* **ABOUT THIS TASK**
Restate word for word the part of the material that runs from the line containing "RENAULT CLIO IV BUSINESS 2019 - Photo n°2" through its final line, inclusive, minus the pictures.

* **DATA EXCERPT**
- - - - - - -

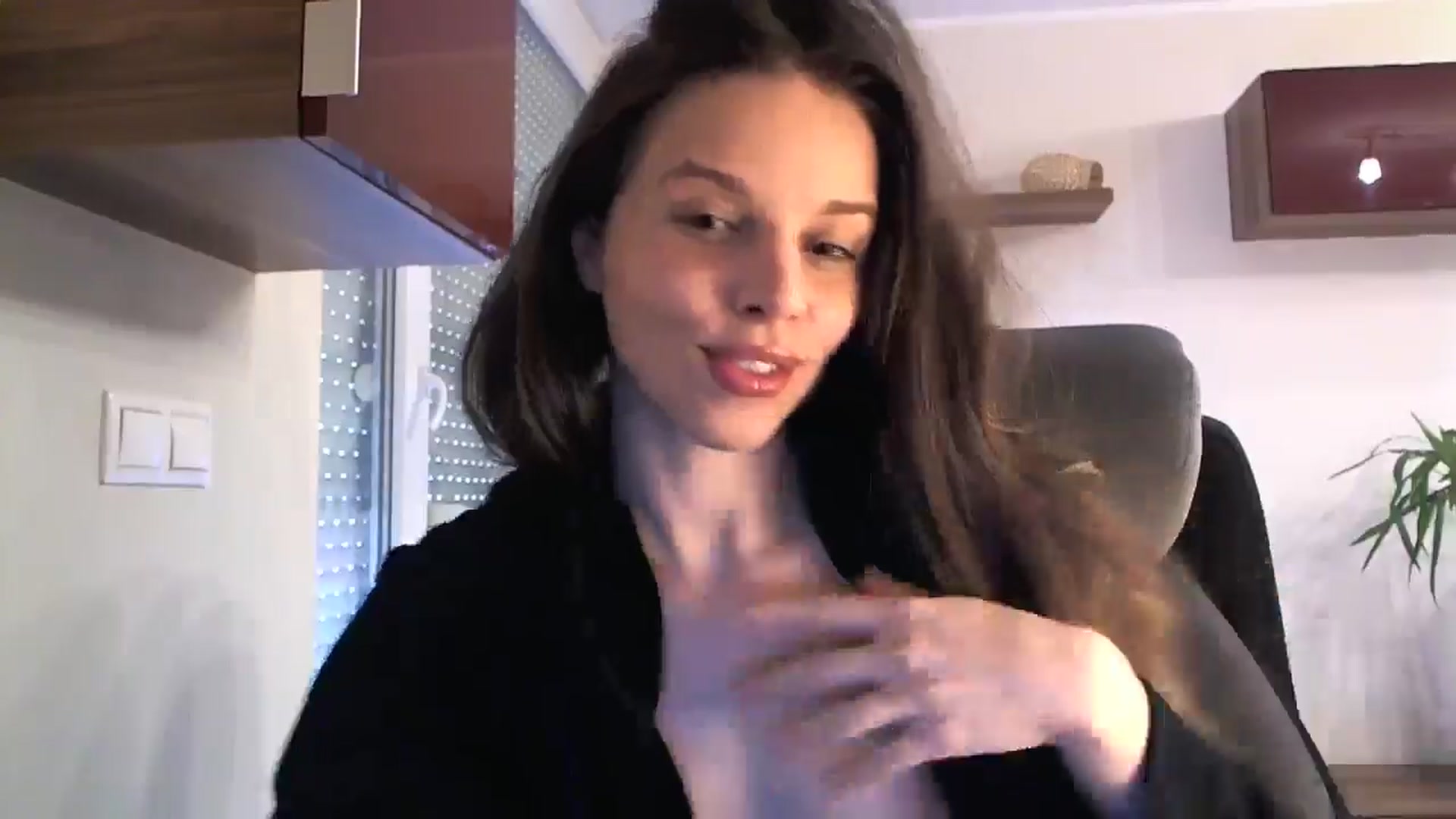 Gallery image thumbnail from Heaven_hot's myfreecams stream on, 05/31/2024, 12:41 image 10 of 20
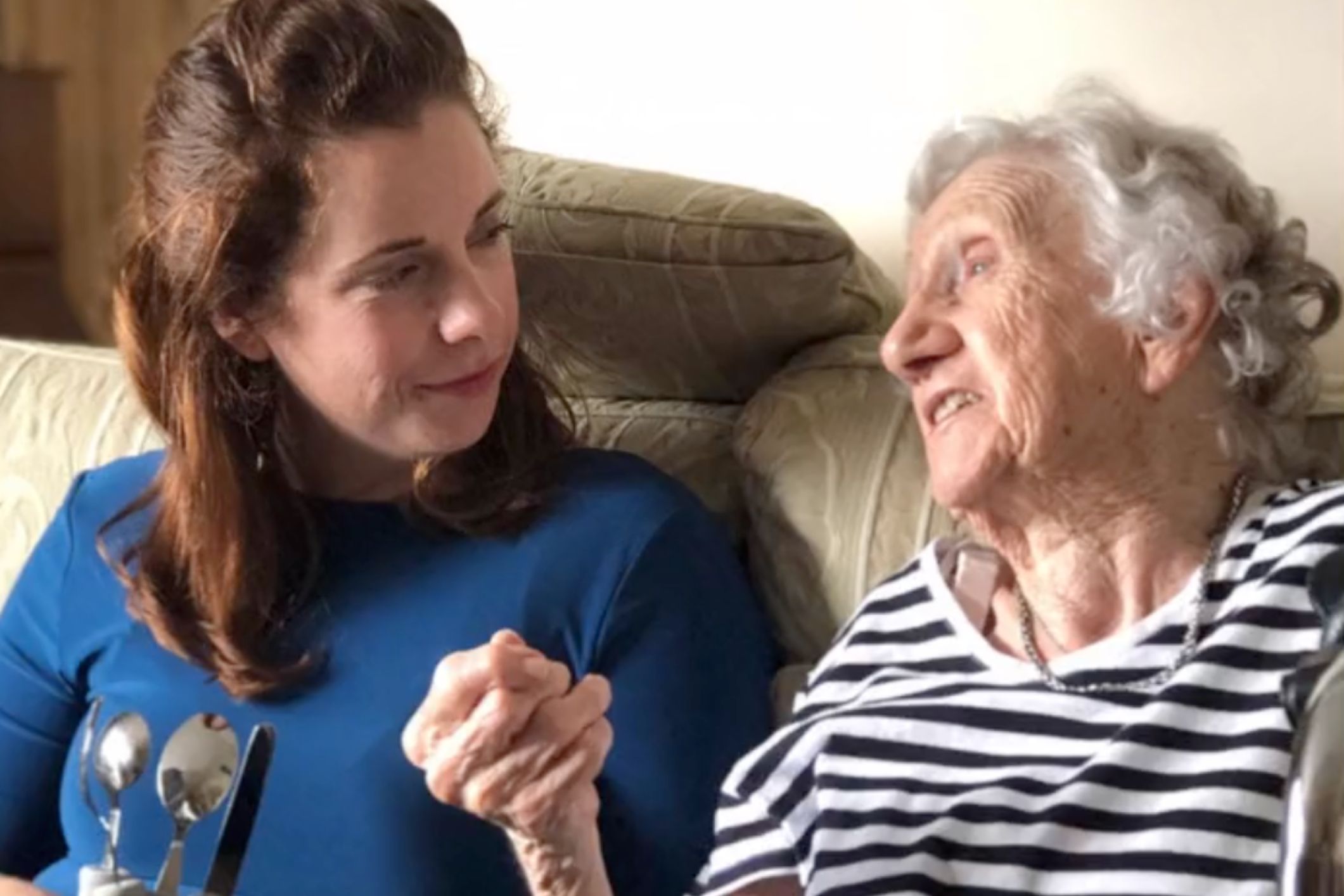 Anika Wells - We haven't valued people enough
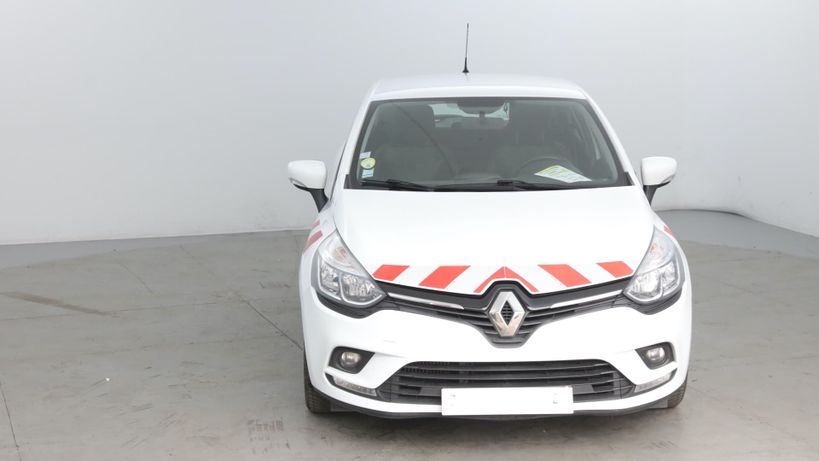 RENAULT CLIO IV BUSINESS 2019 - Photo n°2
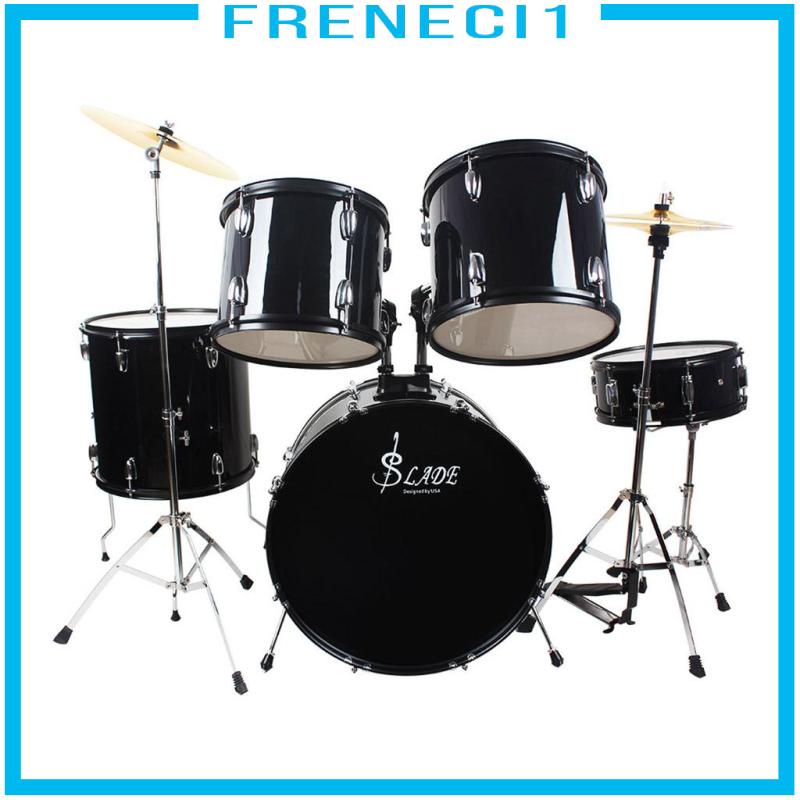Bộ Trống Chũm Chọe 16 Inch Bằng Đồng Thau Dành Cho Người Mới Bắt Đầu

- - - - - - -

* **THE ANSWER**
 RENAULT CLIO IV BUSINESS 2019 - Photo n°2
Bộ Trống Chũm Chọe 16 Inch Bằng Đồng Thau Dành Cho Người Mới Bắt Đầu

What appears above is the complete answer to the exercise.